Жизнь госпиталя подстраивалась под армейскую рутину. Подъём был в семь утра. На утреннем построении назначались однотипные наряды. После завтрака я шел на уборку территории и парковых окрестностей госпиталя, сортировал бельё в прачечной — штампованные синей краской простыни, полотенца. Я старался не попадаться «дедам», особенно чужим, на глаза, и большую часть дня прятался в нашем с Кочуевым укрытии, дремал там, облокотившись о стол.
На стариковским этаже было всего человек двадцать. В основном, ветераны грудились в ленинской комнате.
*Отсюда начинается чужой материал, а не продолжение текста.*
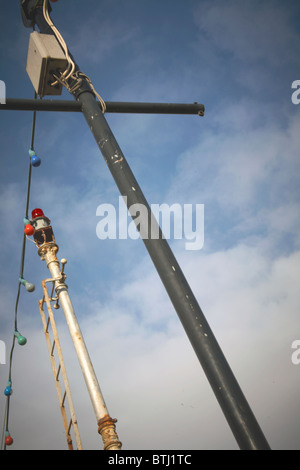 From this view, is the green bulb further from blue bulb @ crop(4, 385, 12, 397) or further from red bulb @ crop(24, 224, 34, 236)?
red bulb @ crop(24, 224, 34, 236)

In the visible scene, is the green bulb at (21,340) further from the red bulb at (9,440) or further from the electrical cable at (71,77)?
the electrical cable at (71,77)

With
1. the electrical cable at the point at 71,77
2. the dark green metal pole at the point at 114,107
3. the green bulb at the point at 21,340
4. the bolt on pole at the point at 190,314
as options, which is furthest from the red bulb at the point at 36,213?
the bolt on pole at the point at 190,314

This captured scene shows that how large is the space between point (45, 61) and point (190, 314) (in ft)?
9.63

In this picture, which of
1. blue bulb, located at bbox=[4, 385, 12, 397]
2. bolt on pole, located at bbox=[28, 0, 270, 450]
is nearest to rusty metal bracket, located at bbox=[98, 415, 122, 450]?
blue bulb, located at bbox=[4, 385, 12, 397]

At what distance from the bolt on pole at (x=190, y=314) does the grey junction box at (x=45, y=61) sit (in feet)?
3.15

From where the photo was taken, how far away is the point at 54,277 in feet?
22.7

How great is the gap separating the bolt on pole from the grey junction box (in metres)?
0.96

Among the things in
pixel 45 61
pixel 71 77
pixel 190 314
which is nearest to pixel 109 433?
pixel 190 314

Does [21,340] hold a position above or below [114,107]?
below

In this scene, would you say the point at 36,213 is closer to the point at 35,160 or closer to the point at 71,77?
the point at 35,160

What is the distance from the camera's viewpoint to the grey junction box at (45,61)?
334cm

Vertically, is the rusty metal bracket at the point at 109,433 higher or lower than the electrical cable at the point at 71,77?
lower

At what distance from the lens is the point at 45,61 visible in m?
3.32

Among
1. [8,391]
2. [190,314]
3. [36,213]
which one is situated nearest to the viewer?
[190,314] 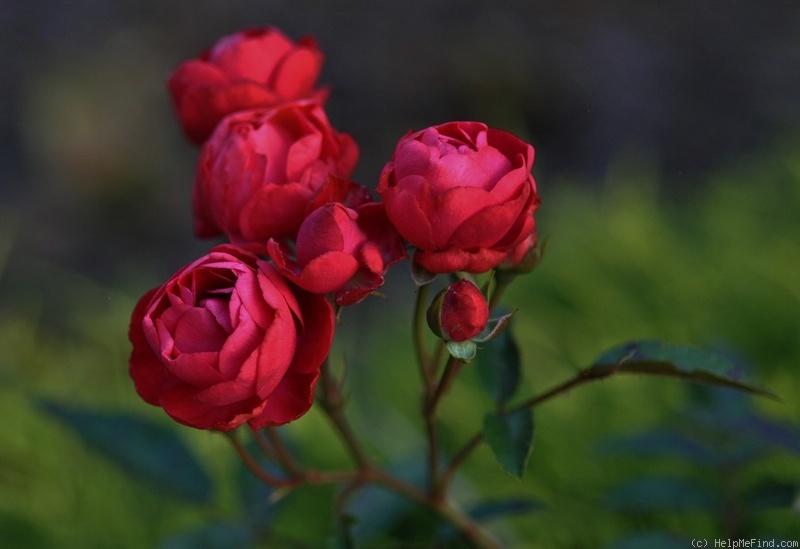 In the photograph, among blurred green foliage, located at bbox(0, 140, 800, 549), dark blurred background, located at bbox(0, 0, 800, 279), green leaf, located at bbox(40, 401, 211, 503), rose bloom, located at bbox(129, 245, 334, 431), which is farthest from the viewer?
dark blurred background, located at bbox(0, 0, 800, 279)

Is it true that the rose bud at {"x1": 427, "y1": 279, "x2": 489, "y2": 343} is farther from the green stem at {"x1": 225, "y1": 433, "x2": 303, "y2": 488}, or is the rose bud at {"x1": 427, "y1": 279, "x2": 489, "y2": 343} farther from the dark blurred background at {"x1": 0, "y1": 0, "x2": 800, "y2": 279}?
the dark blurred background at {"x1": 0, "y1": 0, "x2": 800, "y2": 279}

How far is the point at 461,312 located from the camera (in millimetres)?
637

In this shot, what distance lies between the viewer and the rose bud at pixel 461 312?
64 cm

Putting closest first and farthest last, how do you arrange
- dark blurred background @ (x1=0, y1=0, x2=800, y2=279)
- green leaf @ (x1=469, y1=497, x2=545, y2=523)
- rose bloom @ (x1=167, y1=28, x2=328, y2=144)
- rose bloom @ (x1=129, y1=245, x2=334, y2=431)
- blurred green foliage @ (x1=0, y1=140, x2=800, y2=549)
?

Избегая тихих безжизненных шахмат, шумно гремели костями домино, часами выкладывая замысловатые схемы каких-то фантастических трубопроводов. Или включали на полную громкость телевизор с трансляцией заседаний Верховного Совета — ругали Горбачева.
Они бывали любопытны, эти старые военные. Увидев праздно идущего солдата, могли остановить его и одолеть дотошными расспросами. Чтобы избежать объяснений, я брал с собой ведро и швабру, и тогда меня переставали замечать — этот уборочный инвентарь служил надежным пропуском и щитом. Главное было проскользнуть мимо топчущихся стариков, повернуть в соседний флигель, куда ветераны не забредали, пройти до потайного коридора и незаметно свернуть в архив.